でも取ったところでどうする。こんな人形持ったまま歩くのか。怖いぞ、おっさんがクマ握りしめて歩いてるの。
「……ま、取ってから考えるか」
手は勝手に小銭を突っ込んでいて、音楽が鳴り出した。多分一度では取れない。重そうだから。
「前の人が結構動かしたのかな? もう少しなのに、勿体ない」
斜めにはみ出しているところを狙って、アームを引っ掛ける。こういうのは人形全体を掴もうとしてもダメなのだ。動きそうなところを狙わなきゃ。
「よし、いい位置に入った」
このまま斜めを攻めていけば、いけるはず。
「……うーん」
頭がでかいからか、重くてなかなか移動しない。
結局追加で何枚か入れた後、突然ぽろっと落ちてきた。白くてむにゅむにゅしていて、手触りはいい。顔は幸せそうでちょっとむかつく。

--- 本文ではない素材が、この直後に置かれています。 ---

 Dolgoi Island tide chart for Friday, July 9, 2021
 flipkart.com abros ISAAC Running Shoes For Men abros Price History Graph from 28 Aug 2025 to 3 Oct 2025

側にあった袋に入れても隠れない。何が入っているのか簡単に分かってしまう。
「……ま、いいか」
ふっと笑って、子供達の間をすり抜ける。このアホ面を見たせいかは知らないけど、なんだか気分が楽になっていた。大きな幸せは手放したけど、それでいいのだと腑に落ちたような感じだ。


俺がどうこうの問題ではない。人の気持ちは変えられないんだ。これからをどう歩もうが、それは相手の自由だ。

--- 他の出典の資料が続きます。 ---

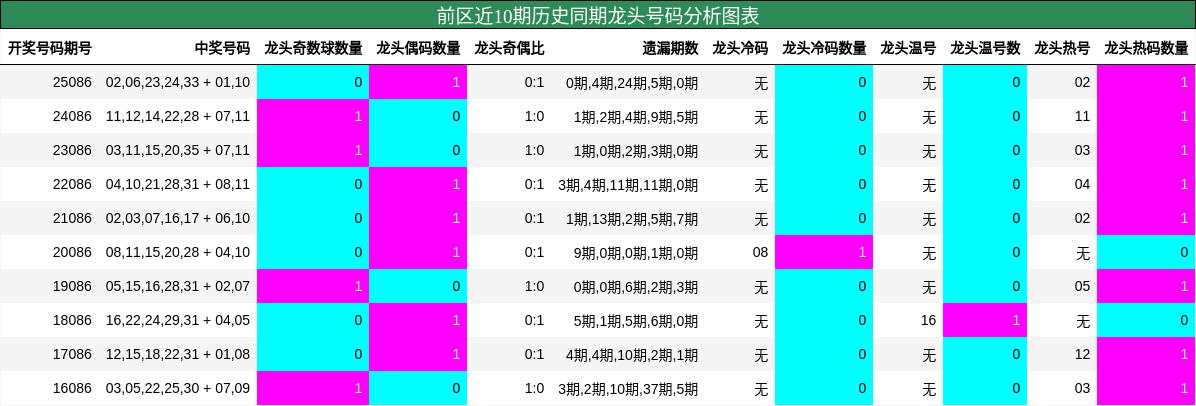 龙头号码分析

クマをもにゅもにゅしていると、何故だかそんな考えが浮かんできた。
「誰を好きになろうが、他人には関係ない……」
こういうことをうじうじ悩まずに、さらりと言えていたら格好良かったのに。そうしたら、まるで彼みたいだ。

午後の穏やかな空が、少しずつ色を変え始めた。これから夜を創り出すための準備だ。
そうなると街は段々と色めき立ってくる。ロマンティックなんて程遠いと思っていたのに、やればできるじゃないか。
「……もう少し待ったら、連絡が来るかな」
帰るのも面倒だったので、駅周辺でのんびりと過ごして回っていた。案外俺の嫉妬してしまいそうな景色はなく、皆が同じように、平和に楽しんでいるように見えた。自分の精神状態のせいでそう見えていただけで、いつも世界はこんなにも平和だったのだろうか。
「店に迎えに行ったら……やめとくか」
想像したら気恥ずかしくなったので止めておいた。あいつに会うと思うと、どこか照れのような、顔が熱くなるような心地がする。
好きかどうか自信を持って答えられないけど、今はすぐにでも会いたくなった。
「……寒くなってきたな」
駅近くの、公園のベンチから立ち上がって歩き出す。あいつにもらったマフラーをぐるぐる巻くと、それはちょっと暑かった。